(Assignment) Lines containing the word "Cream" are the ones to copy from the records below.

(The data Opens)

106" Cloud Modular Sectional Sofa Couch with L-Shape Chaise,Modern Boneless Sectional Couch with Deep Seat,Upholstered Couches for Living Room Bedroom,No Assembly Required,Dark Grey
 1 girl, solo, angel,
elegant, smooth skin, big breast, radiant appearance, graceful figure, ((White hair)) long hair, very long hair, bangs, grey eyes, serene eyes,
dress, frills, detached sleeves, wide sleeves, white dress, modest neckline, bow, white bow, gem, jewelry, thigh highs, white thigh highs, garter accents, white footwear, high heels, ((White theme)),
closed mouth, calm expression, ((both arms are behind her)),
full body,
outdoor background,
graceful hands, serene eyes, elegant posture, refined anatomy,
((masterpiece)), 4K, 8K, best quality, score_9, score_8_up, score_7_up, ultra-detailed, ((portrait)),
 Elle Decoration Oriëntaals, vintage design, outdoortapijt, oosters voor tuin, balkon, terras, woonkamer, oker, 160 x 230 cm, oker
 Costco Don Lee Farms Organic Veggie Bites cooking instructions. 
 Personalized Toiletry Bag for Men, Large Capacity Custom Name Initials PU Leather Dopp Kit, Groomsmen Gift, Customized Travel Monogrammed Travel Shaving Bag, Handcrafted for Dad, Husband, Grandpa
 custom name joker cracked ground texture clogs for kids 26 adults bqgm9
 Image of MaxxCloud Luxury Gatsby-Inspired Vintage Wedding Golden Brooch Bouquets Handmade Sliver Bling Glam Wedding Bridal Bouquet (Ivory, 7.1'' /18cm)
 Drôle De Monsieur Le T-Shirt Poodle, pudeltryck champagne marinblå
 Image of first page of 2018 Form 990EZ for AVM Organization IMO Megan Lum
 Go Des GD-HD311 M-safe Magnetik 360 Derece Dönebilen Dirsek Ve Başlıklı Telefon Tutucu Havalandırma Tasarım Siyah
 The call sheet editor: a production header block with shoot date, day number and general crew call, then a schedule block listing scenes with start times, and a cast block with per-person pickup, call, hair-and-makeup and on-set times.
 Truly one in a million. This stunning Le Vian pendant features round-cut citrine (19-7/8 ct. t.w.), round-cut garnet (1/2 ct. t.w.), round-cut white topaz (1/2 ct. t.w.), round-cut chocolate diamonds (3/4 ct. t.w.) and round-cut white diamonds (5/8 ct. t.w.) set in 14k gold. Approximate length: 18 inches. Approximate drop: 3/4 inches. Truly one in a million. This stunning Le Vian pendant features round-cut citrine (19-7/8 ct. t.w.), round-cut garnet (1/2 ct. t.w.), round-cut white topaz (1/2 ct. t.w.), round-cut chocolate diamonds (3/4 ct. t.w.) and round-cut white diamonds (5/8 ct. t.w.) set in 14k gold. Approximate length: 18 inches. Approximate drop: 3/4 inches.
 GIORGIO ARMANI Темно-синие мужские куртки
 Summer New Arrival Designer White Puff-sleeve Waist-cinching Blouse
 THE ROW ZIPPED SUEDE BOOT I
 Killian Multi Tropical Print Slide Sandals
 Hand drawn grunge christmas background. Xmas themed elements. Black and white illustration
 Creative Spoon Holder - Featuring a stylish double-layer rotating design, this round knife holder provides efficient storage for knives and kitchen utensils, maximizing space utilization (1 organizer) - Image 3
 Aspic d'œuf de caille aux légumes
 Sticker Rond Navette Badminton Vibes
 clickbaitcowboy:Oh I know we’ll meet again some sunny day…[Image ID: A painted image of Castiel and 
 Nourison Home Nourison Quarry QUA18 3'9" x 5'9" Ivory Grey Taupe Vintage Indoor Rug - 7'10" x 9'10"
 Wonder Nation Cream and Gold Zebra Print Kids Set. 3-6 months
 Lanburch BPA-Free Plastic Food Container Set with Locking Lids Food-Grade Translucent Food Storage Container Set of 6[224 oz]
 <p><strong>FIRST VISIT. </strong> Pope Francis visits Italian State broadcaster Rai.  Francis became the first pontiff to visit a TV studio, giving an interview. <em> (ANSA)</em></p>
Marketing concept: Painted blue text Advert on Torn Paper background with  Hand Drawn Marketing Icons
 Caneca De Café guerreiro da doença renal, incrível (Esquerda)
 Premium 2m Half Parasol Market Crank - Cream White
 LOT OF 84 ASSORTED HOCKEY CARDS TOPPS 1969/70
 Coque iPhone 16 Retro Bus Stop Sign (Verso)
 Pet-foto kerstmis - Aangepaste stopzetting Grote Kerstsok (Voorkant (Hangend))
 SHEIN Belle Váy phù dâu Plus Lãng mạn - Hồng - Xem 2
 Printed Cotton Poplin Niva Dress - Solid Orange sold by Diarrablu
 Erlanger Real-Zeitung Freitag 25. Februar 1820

(The data Closes)

(Written answer)
 Wonder Nation Cream and Gold Zebra Print Kids Set. 3-6 months
 Premium 2m Half Parasol Market Crank - Cream White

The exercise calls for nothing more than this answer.